● To do
In the listing below, find the line containing "Image showing Classic Atlantic Salmon Fly" and the line containing "High angle view", then copy exactly everything from the first through the second, except the pictures.

*** Excerpted records Section Begins ***

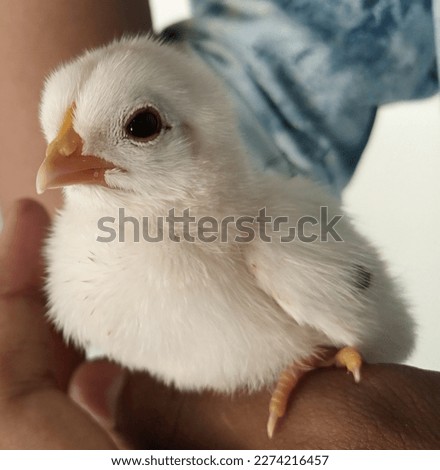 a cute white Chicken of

*** Excerpted records Section Ends ***
*** Excerpted records Section Begins ***

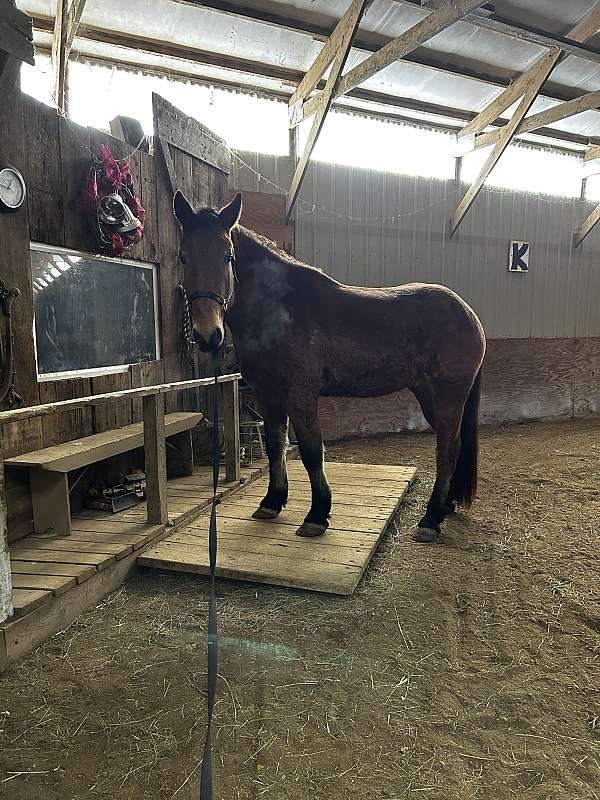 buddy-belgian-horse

*** Excerpted records Section Ends ***
*** Excerpted records Section Begins ***

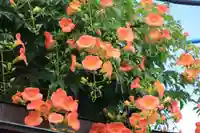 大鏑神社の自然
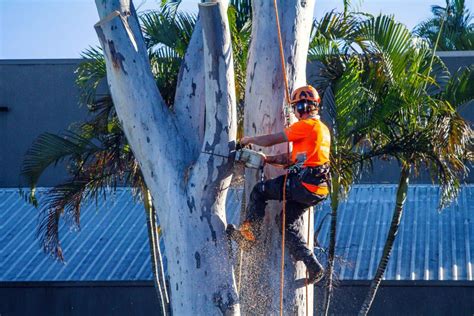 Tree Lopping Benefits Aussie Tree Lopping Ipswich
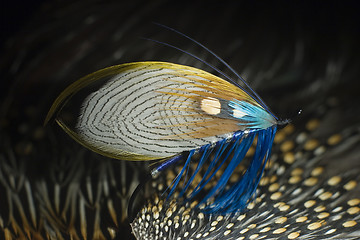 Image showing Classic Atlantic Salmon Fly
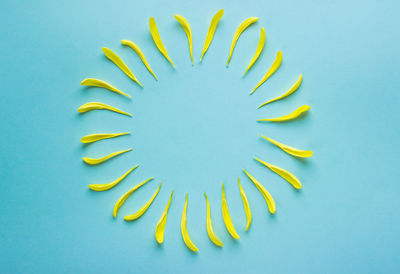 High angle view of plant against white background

*** Excerpted records Section Ends ***

● Response to this exercise
 Image showing Classic Atlantic Salmon Fly
 High angle view of plant against white background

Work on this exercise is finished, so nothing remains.